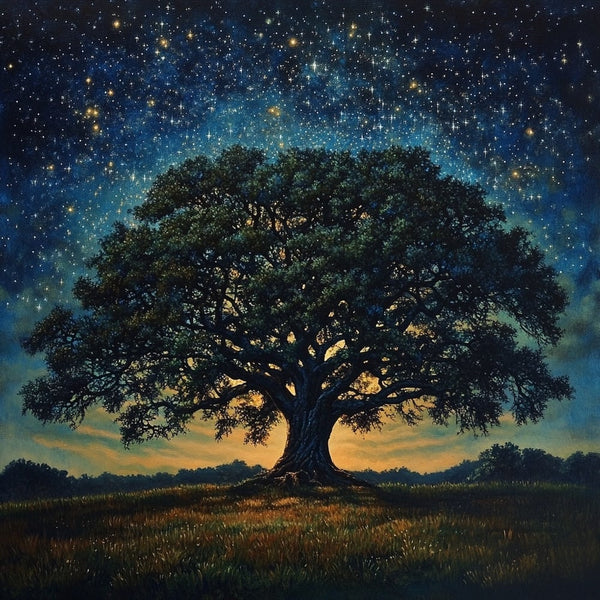 Tableau Chêne sous les Étoiles, art mural décoration nature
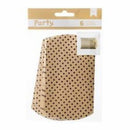 American Crafts - Diy Party Pillow Treat Boxes 3In.X3.5In. 6 Pack  Black & Kraft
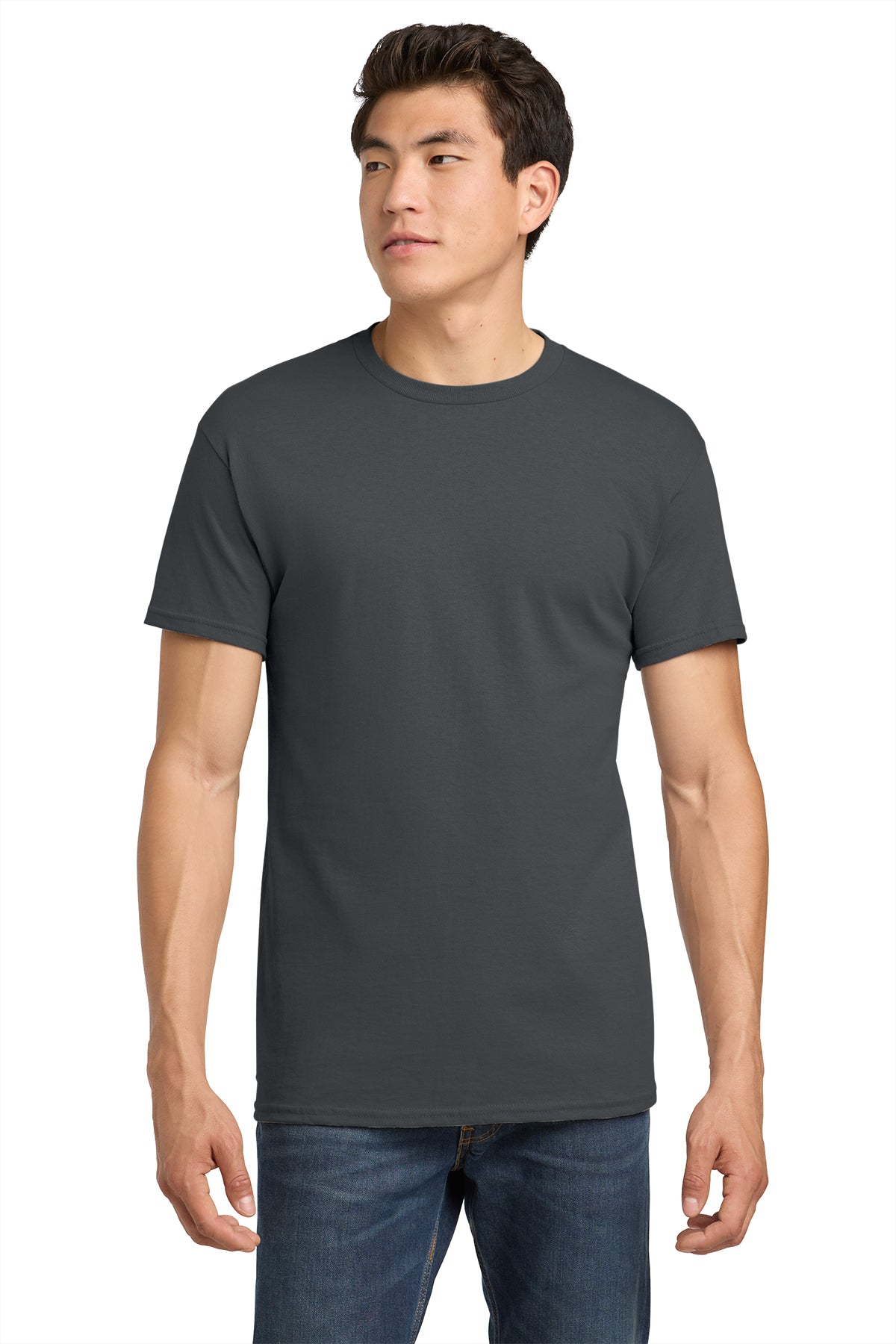Gildan Heavy Cotton T-Shirt 5000 in Tweed, front view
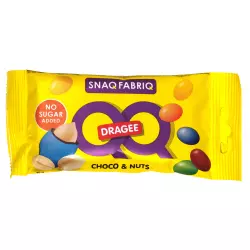 SNAQ FABRIQ Драже QQ с арахисом и молочным шоколадом покрытое разноцветной глазурью, без сахара Драже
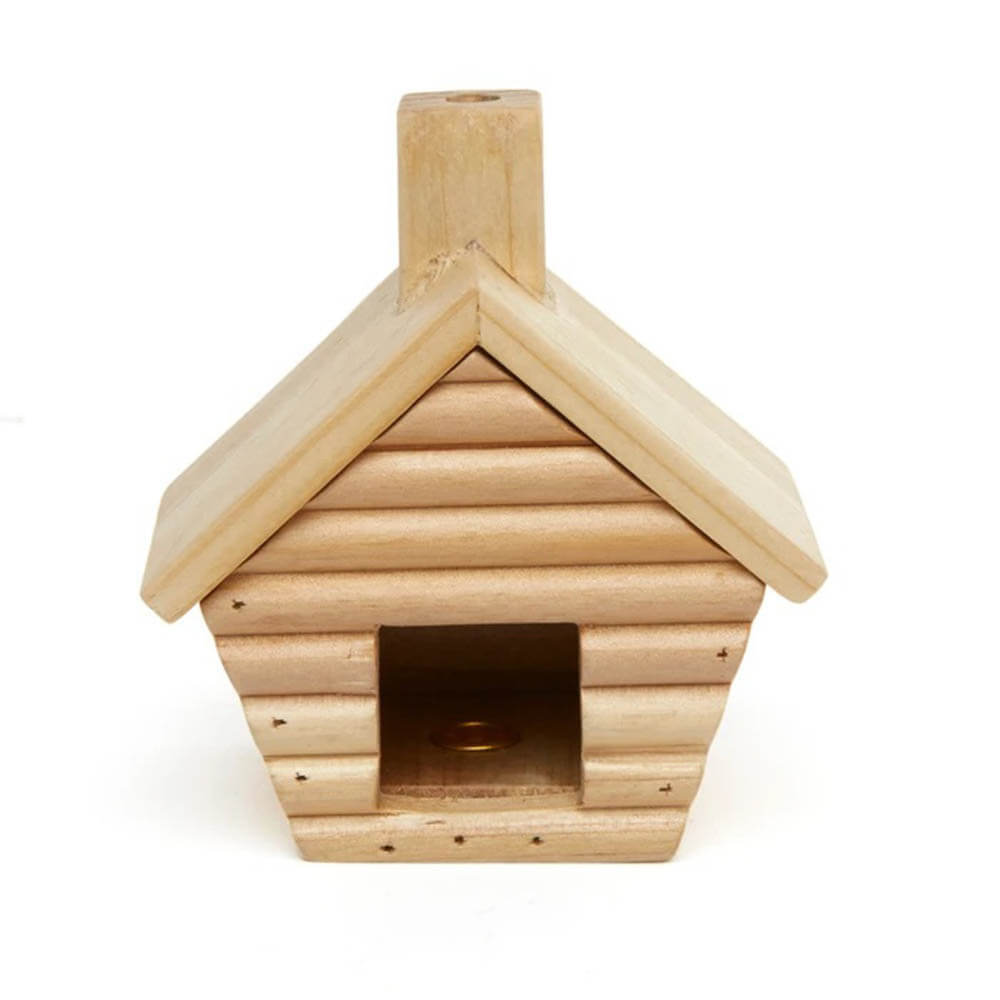 Brûleur à Encens Maison en Bois - Diffuseur Huiles Essentielles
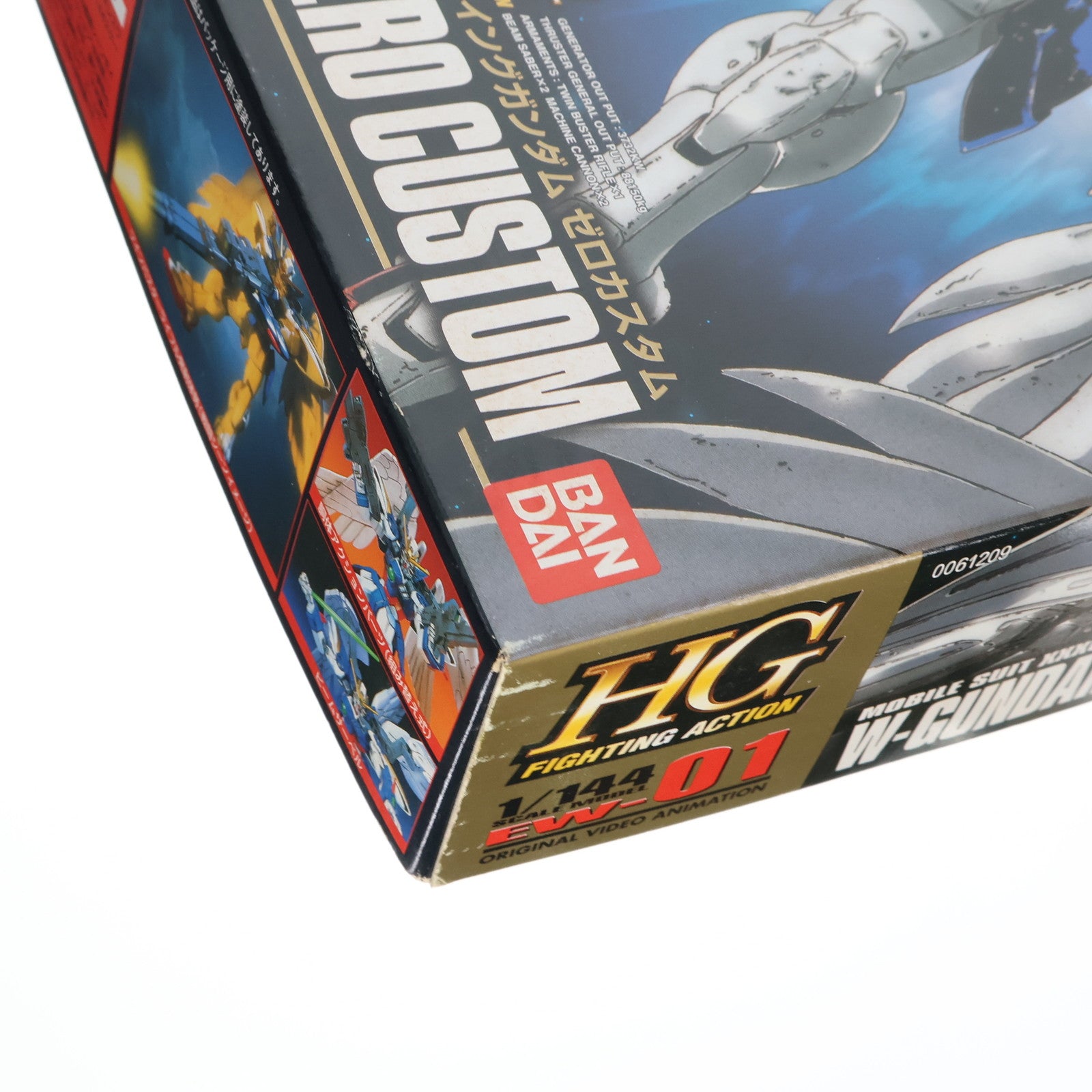 【中古即納】[PTM] HG 1/144 XXXG-00W0 ウイングガンダムゼロカスタム 新機動戦記ガンダムW Endless Waltz(エンドレスワルツ) プラモデル バンダイ(19980430)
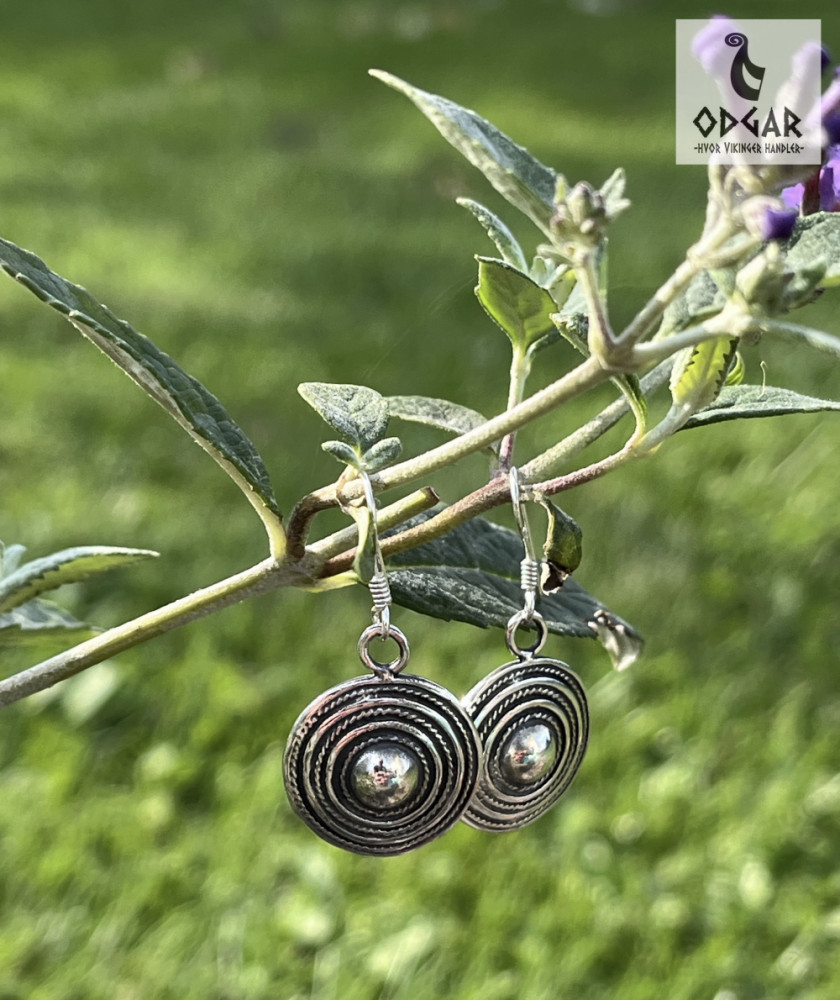 Ørehæng i sølv - vikingeskjold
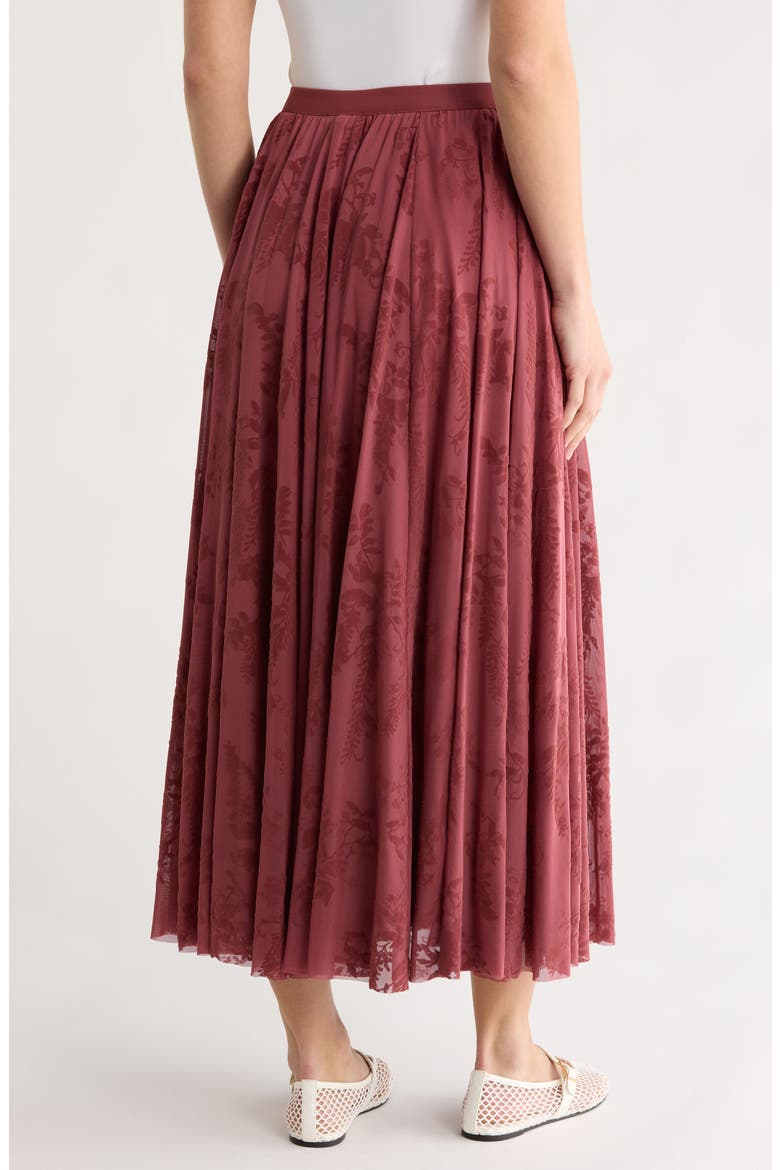 Floral Mesh Maxi Skirt, Alternate, color, R048 BERRY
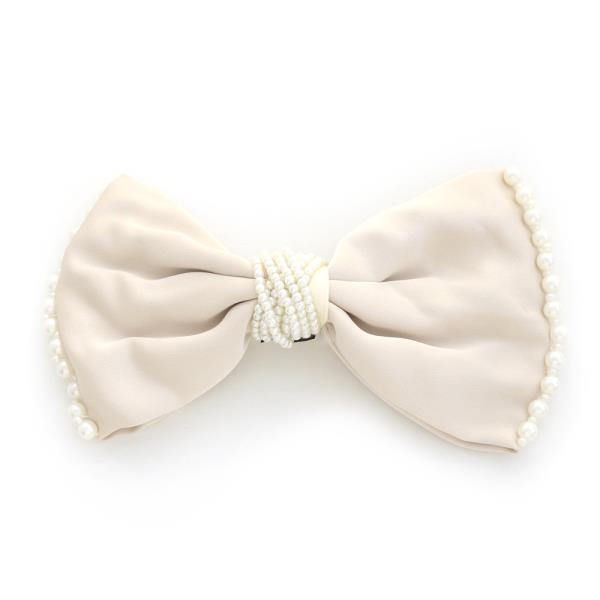 PEARL RIBBON HAIR BOW PIN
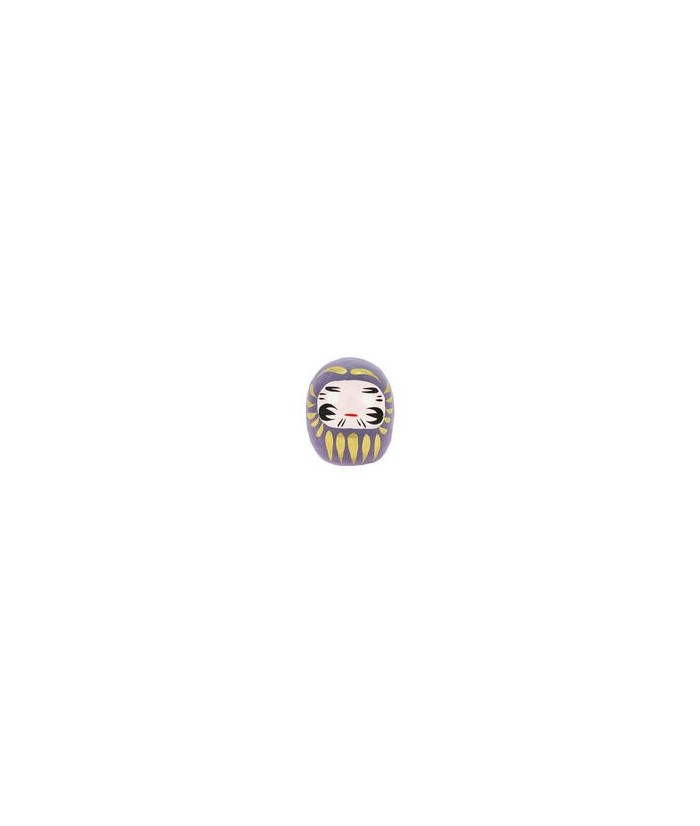 Daruma, Daruma: hago un propósito y te pinto un ojo. Cuando lo haya cumplido, te pintaré el otro.
El Daruma violeta se utili
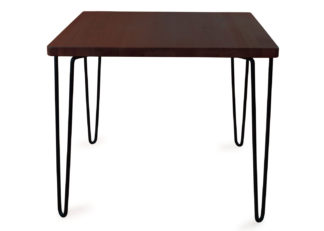 An Image of Heal's Brunel Dining Table Square Dark Wood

Directions
In the records above, locate the line with "Floral Mesh Maxi"; output it and each line after it through the last one, exactly, omitting pictures.

Solution to this exercise
 Floral Mesh Maxi Skirt, Alternate, color, R048 BERRY
 PEARL RIBBON HAIR BOW PIN
 Daruma, Daruma: hago un propósito y te pinto un ojo. Cuando lo haya cumplido, te pintaré el otro.
El Daruma violeta se utili
 An Image of Heal's Brunel Dining Table Square Dark Wood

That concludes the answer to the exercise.